The California state senate is advancing a bill that would require California-based bankcard issuers and retailers to adopt Europay/MasterCard/Visa (EMV) chip card technology. The bill, SB 1351, mandates April 1, 2016, as the date by which the processes of those two constituencies must be able to support EMV-based transactions.
The bill, sponsored by California State Senator Jerry Hill, D-13th District, and introduced in March 2014, passed out of committee on May 6, was subsequently returned to committee for revision, and passed out again May 29. As of press time, the full senate had not yet voted on SB 1351. The bill initially mandated Oct. 1, 2015, as the deadline for EMV implementation, which is the date set by Visa Inc. and MasterCard Worldwide for retailers to be EMV compliant or face potential fines in case of fraud. The bill also makes exceptions for small retailers and convenience stores/gas stations; they have until Oct. 1, 2017, to transition to EMV.

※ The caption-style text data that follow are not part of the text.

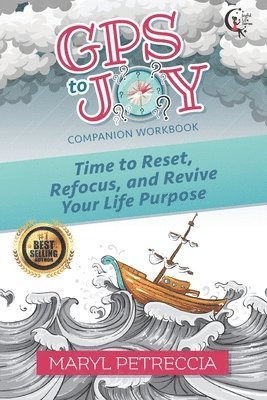 GPS to Joy Companion Workbook 1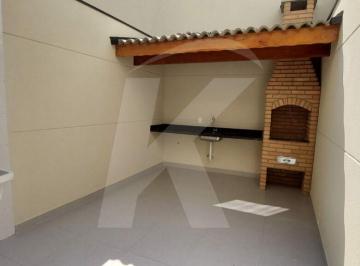 Casa · 130m² · 3 Quartos · 2 Vagas · Sobrado com 3 dormitórios, sendo 3 suítes, 2 vagas ao lado Shopping Trimais e Metrô Tucuruvi.
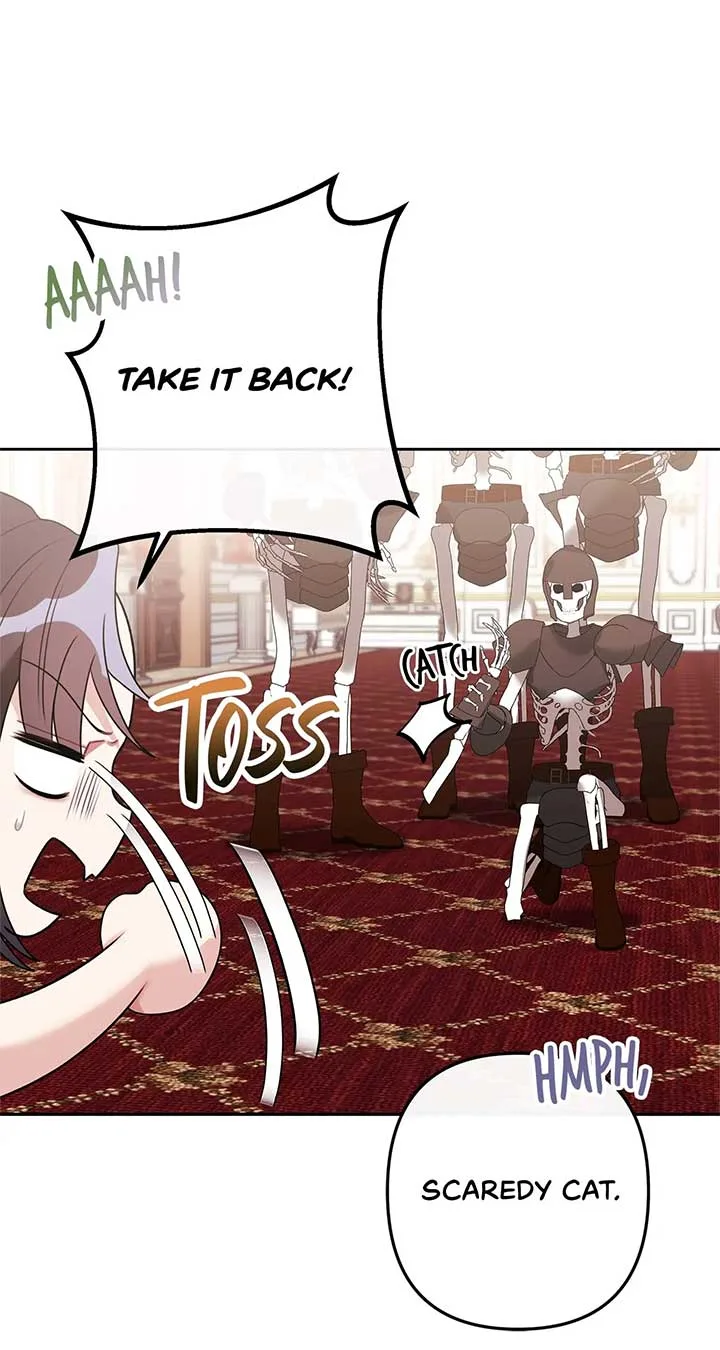 The S-Class Dungeon Owner Chapter 6 page 95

Additionally, SB 1351 specifies that any contracts entered into by financial institutions and card brands on or after Jan. 1, 2015, would have to include the provision that any new or replacement cards issued after April 1, 2016, be EMV compliant. The rationale for the bill comes from oft-cited evidence that EMV cards substantially reduce fraud.
In April 2014, Sen. Hill stated, "My legislation holds all stakeholders accountable to protect consumers from scam artists who use fake cards to game the system."
The Electronic Transactions Association, however, does not see the issue the same way. "Passing a single state technology standard will open the floodgate to additional state responses and create an expensive, unsafe and inefficient myriad of technology standards," the ETA said.
The ETA is urging payment professionals in California to contact their legislators and let their opinions be heard.